UNR drone center downtown

The Nevada Advanced Autonomous Systems Innovation Center has found a home.

The University of Nevada, Reno entity will be the main tenant in the Sinclair Building, the midtown Reno office building the school took over from the City of Reno in the last month.

The new center, created to facilitate work between the university and businesses around unmanned autonomous vehicles, will occupy the third floor of the 25,000-square-foot building.

UNR sees a business as well as academic opportunity in the state’s new designation as one of six national UAV test sites for the Federal Aviation Administration.

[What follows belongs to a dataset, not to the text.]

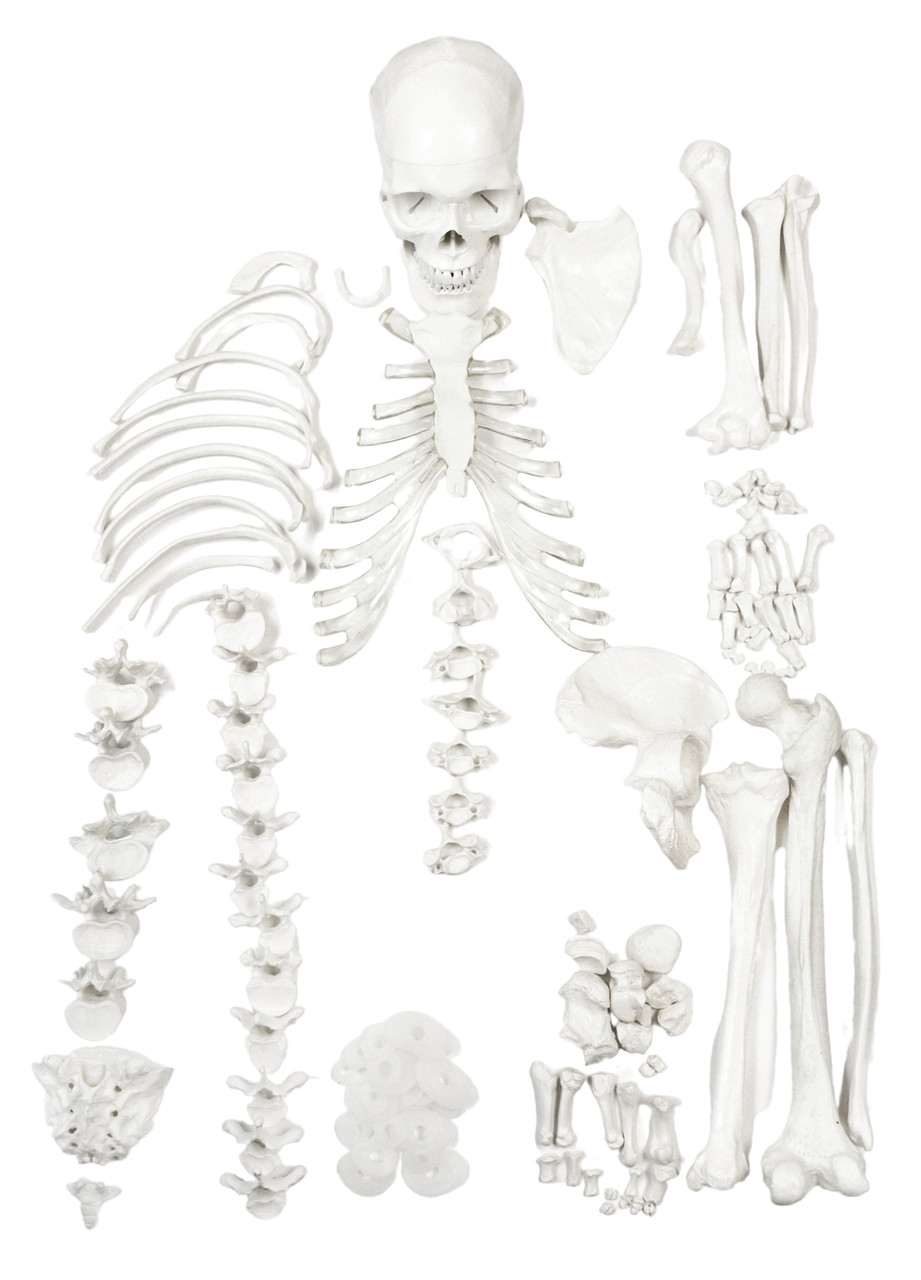 Disarticulated Human Skeleton, HALF, Medical Quality, Life Size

Businesses involved in the UAV industry often partner with institutions of higher education because schools, due to their research function, can expedite the permits and authorizations required to test the systems.

The move is also one of the first concrete signs of the growing partnership between UNR and the city, which have both committed to bridging the gap between town and gown.

“This allows us to engage and have a tangible presence downtown, on the edge of downtown,” says Heidi Gansert, executive director for external relations, in the President’s Office at UNR.

UNR is in the process of hiring staff for the technology center, including a director, grant writer and entrepreneur-in-residence who “will provide ad-hoc consulting, coaching and mentoring for faculty, students, and industry partners on how to fully develop venture concepts.” The EIR will rely on the Nevada Small Business Development Center, and the Entrepreneurship Program and the Technology Transfer Office at UNR, according to an NAASIC overview.

The center will also work with Nevada Industry Excellence, the statewide resource for manufacturers, which will have an office alongside the center in the Sinclair Building.

“We’re trying to leverage the synergy between the two, great organizations,” says Gansert, referring to NVIE and UNR, which already cooperate. “This is a new level of engagement and we expect it to grow significantly.”

The nascent center has already generated interest from local companies, including Reno’s Drone America, and from Insitu Inc., the Bingen, Wash., maker of UAVs, as well as from venture capitalists, such as GloCal Venture Capital in Athens, Greece.

Among the center’s goals is developing K-12 curriculum so it expects to take advantage of its proximity to the Terry Wells Discovery Museum located nearby on Center Street, says Gansert.

The university has already established a minor degree program in Unmanned Autonomous Systems, which include so-called drones, industrial robots and driverless road vehicles.

NAASIC is being funded with $3 million from the state’s Knowledge Fund coupled with some university money.

UNR is acquiring the building from the city under a 14-year, purchase-to-lease agreement under which the school will make annual payments of $134,900.

The building will also likely house a pre-enrollment information center for prospective students and a Wolf Pack store on the first floor as well as space for community meetings, and possibly an incubator for start-up businesses, says Gansert.

UNR is in the process of doing some minor remodeling and hopes to reopen the building and launch the new innovation center by summer.